Salem business owners work to stop bike lane project

Commercial Street in Salem.
(Image: Google Streetview)

A plan to restripe Commercial Street in downtown Salem has been met with opposition by some business owners.

Eric Lundgren, a bike advocate who manages a Salem bike blog and is a member of the Mid-Willamette Valley chapter of the Bicycle Transportation Alliance, reports that at least one business owner has already started circulating a petition against the plan.

“Reducing a lane of traffic will increase congestion, making downtown less palatable for shoppers coming and going.”
— From a petition opposing the project

“Most of the claims [in the petition] about the plan are unfounded,” Lundgren reports, “but a number of businesses have signed on nonetheless.”

Currently, Commercial is a four-lane, one-way street with angled parking. According to project plans, the street is set for resurfacing and the city wants to re-configure the road to include a 7-foot wide bike lane on the right and shared-lane markings (a.k.a. sharrows) on the left.

Lundgren writes that, “The right-most lane is little used, and traffic volume projections indicate no loss of capacity by swapping the right most lane for a bike lane.”

The proposed new road configuration.

Lundgren obtained a copy of the petition in opposition to the project. Here are the four main objections stated in the petition (emphasis mine), followed by excerpts from Lundgren’s rebuttals:

1) The congestion on Commercial Street combined with the lack of visibility backing out of parking spaces makes the addition of a bike lane fundamentally unsafe.


…Over 40,000 people a year die in automobile accidents, but we don’t use this as a reason to tell people not to drive….

More worrisome is the way the safety argument can be used to place the burden on the bicyclist who “chooses” to bicycle (or the pedestrian who chooses to walk) in an ostensibly dangerous environment… the burden to act with care rests on all road users, not merely bicyclists.

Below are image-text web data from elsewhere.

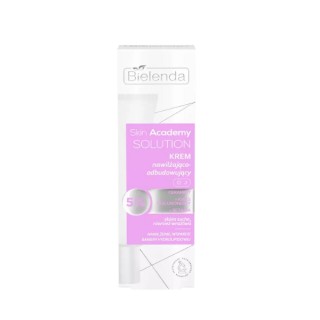 Bielenda Skin Academy Solutions moisturizing and rebuilding Face Cream 50 ml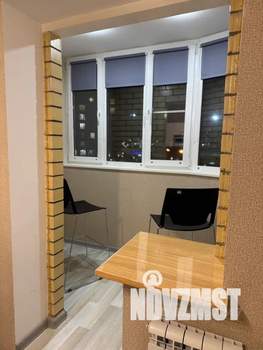 1-к квартира, посуточно, 41м2, 4/18 этаж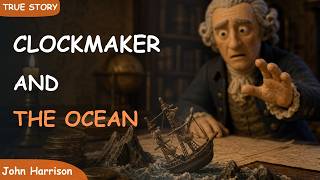 The Clockmaker Who Changed the Ocean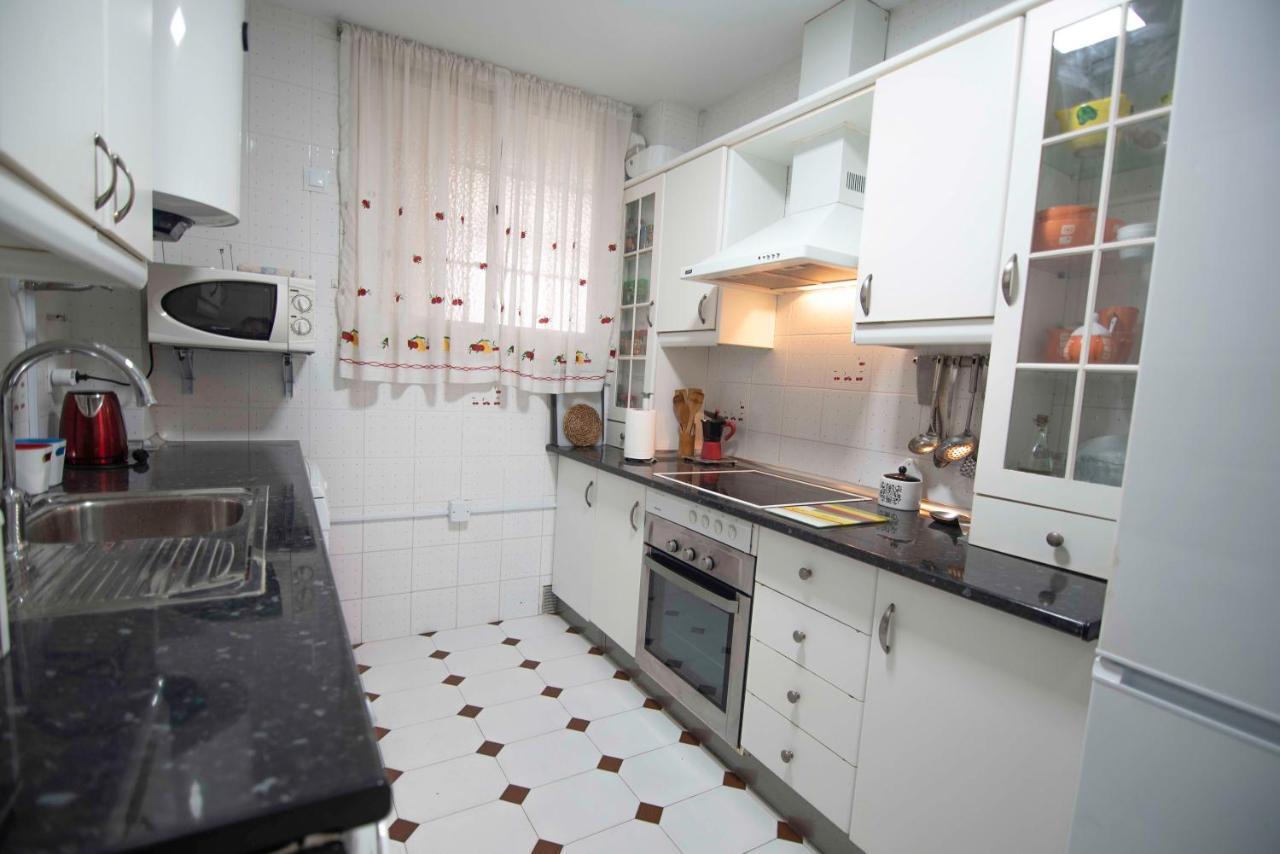 Lu&Cia El Palo Apartment Málaga Exterior foto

2) Turning around the sagging economy is a priority for us all. Reducing a lane of traffic will increase congestion making downtown less palatable for shoppers coming and going. To create a vibrant downtown shopping district we need to look at ways to reduce congestion, not increase it


…Bicycling reduces congestion. Encouraging more people to bike will relieve congestion downtown, not increase it. City traffic engineers have shown that the loss of a lane will not impact traffic volumes, and increases in bicycling will reduce auto traffic further…


3) A bike lane already exists one block away on Front Street. A new bike lane on a safer, less congested street further away from the existing bike lane may be a better choice.


The Front Street bypass bike lane is just that: a bypass for through traffic. It does not help with getting around downtown…


4) Slanted parking downtown is the best way to accommodate the most vehicles in a given section of street. We want to keep the slanted parking along Commercial Street unchanged so we have as much parking for our customers as possible.


Angle parking remains unchanged.

The Salem City Council is set to vote on the bike lane project on Monday, July 27th. If you live in Salem, consider showing up and sharing your opinion with Council members.

We expect a statement from a BTA staff person soon. We will update the story as soon as that information comes in.